Nessa quinta-feira (06), foi realizado o Intercâmbio Brasil-Etiópia para trocar experiências de Assistência Técnica e Extensão Rural destes dois países. O evento, promovido pela Deutsche Gesellschaft für Internationale Zusammenarbeit (GIZ Brasil) em parceria com a Asbraer, teve a intenção de compreender os aspectos políticos e técnicos das instituições estaduais de Ater brasileiras, oferecer inputs sobre as culturas do feijão-fava e trigo tropical (prioritárias para a Etiópia) e apontar possíveis temas futuros de cooperação.

A ocasião contou com a participação do presidente da Asbraer, Nivaldo Magalhães, diretora de pesquisa do IDR-Paraná, Dr.ª Vânia Cirino, diretor de assistência técnica e extensão rural do IDAM/AM, Luiz Herval, para falar sobre a ater brasileira em suas diferentes dimensões. Do lado Etíope, o evento teve a participação do ministro de Desenvolvimento Agropecuário da Etiópia, Girmame Garuma e da Sra. Yenenesh Egu, Diretora de Extensão Rural – Ministério da Agricultura da Etiópia.

Segundo o Ministério da Agricultura da Etiópia, o país possui em torno de 60 mil extensionistas, que são chamados de agentes de desenvolvimento, e possuem formação em áreas diversas de nível superior e técnico. O país possui um centro de capacitação de produtores onde eles vão para receber o atendimento dos extensionistas. Segundo a senhora Yenenesh Egu, o país busca desenvolver uma extensão pluralista em nível federal ligando a extensão à pesquisa.

Como desafios, a Etiópia  classifica o sistema inadequado de serviços, uma produção focada em sistemas ineficientes e isso dá acesso pequeno aos serviços de financiamento, o que impede a escalabilidade de sistemas e uma capacidade limitada de serviços aos produtores. Além de quadro institucional limitado principalmente para produção de conhecimento. Segundo Yenesesh, precisam desenvolver novas tecnologias, no entanto o sistema de extensão para disseminar tecnologias não é robusto. Ela entende que é necessário linkar o sistema de mercado com o produtor, além de diversificar os serviços de extensão rural no país.

O presidente Nivaldo Magalhães, da Asbraer, deu um panorama nacional da extensão rural brasileira e contou a história da representação da ater pública em nível nacional quando a ater pública deixou de ser custeada pelo governo federal e passou a ser entidades estaduais. “Com toda essa mudança tem entidade que faz a assistência técnica, a extensão rural, a pesquisa e a regularização fundiária”, afirmou Nivaldo. 

Enquanto a Etiópia tem 60 mil extensionistas, o Brasil tem 15 mil. Mas no Brasil isso funciona porque cada estado tem seu escritório central e coordenadorias regionais e escritórios locais nos municípios dando capilaridade à extensão rural pública. É a extensão rural pública que aplica a política pública no Brasil.

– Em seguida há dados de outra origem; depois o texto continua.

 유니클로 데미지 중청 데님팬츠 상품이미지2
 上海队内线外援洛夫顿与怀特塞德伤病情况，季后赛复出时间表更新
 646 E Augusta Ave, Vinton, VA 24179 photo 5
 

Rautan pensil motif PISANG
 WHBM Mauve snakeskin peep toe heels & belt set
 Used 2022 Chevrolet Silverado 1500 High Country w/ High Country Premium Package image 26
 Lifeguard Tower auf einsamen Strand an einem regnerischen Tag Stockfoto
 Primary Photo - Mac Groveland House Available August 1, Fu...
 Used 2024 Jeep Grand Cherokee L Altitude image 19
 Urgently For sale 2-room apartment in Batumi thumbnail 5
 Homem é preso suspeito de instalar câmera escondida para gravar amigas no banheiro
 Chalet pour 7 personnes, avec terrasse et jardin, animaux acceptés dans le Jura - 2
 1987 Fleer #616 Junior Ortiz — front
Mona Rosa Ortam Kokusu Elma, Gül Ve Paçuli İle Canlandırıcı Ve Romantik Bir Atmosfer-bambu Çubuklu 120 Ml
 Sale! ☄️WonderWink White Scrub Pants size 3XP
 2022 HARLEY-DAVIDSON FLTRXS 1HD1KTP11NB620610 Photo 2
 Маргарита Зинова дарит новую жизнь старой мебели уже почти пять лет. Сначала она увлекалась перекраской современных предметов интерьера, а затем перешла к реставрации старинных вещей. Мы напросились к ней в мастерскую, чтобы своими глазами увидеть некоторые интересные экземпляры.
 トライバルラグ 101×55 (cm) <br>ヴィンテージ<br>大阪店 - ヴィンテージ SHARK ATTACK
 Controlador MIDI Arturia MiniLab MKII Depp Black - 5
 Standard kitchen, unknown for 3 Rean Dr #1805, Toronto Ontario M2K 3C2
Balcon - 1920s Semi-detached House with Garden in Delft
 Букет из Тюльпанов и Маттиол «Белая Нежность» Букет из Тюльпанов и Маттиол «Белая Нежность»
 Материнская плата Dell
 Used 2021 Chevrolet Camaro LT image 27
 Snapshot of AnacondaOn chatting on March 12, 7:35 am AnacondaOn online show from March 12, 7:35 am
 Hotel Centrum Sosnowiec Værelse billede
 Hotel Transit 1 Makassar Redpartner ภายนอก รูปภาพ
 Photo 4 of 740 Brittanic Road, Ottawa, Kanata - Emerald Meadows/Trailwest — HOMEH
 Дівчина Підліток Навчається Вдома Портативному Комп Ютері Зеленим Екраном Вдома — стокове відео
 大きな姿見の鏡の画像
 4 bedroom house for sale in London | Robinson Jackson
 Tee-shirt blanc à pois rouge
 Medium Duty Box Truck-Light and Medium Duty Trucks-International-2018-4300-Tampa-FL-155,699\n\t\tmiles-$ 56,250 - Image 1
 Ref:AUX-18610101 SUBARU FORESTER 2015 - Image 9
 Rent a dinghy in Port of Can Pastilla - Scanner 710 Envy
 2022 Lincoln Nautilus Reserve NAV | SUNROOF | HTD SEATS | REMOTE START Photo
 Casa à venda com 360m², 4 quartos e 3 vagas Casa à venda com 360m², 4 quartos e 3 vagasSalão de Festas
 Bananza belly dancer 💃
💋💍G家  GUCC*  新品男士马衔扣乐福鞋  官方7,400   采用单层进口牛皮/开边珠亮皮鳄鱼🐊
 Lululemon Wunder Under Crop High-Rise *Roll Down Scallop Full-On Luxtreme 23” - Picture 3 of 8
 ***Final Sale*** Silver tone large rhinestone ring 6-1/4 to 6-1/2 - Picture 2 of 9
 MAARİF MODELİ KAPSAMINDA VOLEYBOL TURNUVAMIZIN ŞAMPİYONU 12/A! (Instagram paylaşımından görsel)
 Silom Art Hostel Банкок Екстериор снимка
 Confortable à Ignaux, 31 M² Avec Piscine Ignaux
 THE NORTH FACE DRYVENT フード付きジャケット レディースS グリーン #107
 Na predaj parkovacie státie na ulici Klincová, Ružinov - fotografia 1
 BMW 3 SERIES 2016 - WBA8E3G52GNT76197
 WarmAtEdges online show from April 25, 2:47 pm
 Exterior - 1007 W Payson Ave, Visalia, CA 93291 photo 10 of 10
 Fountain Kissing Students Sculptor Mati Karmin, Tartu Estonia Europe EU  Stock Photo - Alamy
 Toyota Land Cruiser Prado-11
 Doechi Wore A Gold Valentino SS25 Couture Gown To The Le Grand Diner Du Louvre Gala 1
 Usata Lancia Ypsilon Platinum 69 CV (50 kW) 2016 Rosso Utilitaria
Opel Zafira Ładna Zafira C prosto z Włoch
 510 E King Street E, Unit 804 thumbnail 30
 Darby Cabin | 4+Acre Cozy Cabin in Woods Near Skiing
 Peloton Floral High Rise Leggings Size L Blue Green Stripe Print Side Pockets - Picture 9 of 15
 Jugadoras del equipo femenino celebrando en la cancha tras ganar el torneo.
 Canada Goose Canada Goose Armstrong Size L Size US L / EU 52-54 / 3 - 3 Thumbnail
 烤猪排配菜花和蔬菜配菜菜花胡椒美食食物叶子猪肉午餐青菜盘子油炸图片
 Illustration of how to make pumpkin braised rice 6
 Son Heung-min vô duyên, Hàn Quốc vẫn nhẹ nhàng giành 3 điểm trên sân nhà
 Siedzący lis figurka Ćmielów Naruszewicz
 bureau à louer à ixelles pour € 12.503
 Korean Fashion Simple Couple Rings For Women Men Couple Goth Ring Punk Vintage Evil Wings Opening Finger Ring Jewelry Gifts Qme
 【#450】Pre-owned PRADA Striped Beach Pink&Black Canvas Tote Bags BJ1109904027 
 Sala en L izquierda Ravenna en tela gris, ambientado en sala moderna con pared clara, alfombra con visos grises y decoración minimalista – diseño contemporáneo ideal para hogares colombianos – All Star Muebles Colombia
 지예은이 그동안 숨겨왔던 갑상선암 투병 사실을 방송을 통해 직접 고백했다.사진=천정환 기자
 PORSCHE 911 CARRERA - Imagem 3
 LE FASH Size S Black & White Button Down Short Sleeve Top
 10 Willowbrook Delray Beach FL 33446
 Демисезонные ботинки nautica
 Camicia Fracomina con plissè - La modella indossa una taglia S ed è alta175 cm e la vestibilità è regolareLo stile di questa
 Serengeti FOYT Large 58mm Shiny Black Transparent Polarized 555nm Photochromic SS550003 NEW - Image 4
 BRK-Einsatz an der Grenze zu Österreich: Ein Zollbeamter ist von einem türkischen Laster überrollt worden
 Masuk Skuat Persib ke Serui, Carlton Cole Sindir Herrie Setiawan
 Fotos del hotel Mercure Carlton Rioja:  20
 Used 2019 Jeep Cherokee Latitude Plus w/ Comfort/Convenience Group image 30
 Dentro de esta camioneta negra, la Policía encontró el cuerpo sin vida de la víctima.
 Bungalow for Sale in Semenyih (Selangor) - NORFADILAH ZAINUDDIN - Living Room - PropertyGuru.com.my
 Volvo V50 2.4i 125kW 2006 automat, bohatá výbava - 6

Além disso, o diferencial brasileiro é que a ater fornece serviços gratuitos ao agricultor familiar e pequeno produtor, tendo taxas apenas aos médios e grandes agricultores. 

“Nós que fazemos a Asbraer, fazemos o intercâmbio entre estados para trocar experiências e com isso, damos uma melhor qualificação na ater pública. Apesar de sermos 27 estados, temos uma coordenação única pela Asbraer e fazemos a representação de todo o país junto ao governo federal. A partir daí temos uma orientação única para todos os estados. Com essa orientação única, desenvolvemos as políticas públicas”, completou. Nivaldo acrescentou ainda, que a ater pública, além da assistência técnica na produção,  orienta também o agricultor na comercialização.

O Intercâmbio contou ainda com a experiência do IDAM/AM, com a apresentação do diretor de assistência técnica e extensão rural, Luiz Herval, que mostrou as dificuldades da região norte por sua extensão e especificidade. “ a ater no Amazonas é a mais cara, mas conseguimos também dar capilaridade e atender nosso público, inclusive povos tradicionais”, afirmou.

Representando o sul do país, a Drª Vânia Cirino, do IDR-Paraná, apresentou a experiência do estado mostrando suas boas práticas, após a junção da assistência técnica e extensão rural com a pesquisa.

Os representantes etíopes puderam tirar suas dúvidas, onde focaram entender como funciona a estruturação da ater pública com serviços gratuitos, capacitação e cooperativismo.

O evento continuará na próxima quarta-feira (12) às 8h30 (horário de Brasília) com apresentações técnicas sobre feijão fava e trigo tropical de técnicos da Empaer/PB e IDR-Paraná, além da participação da Embrapa.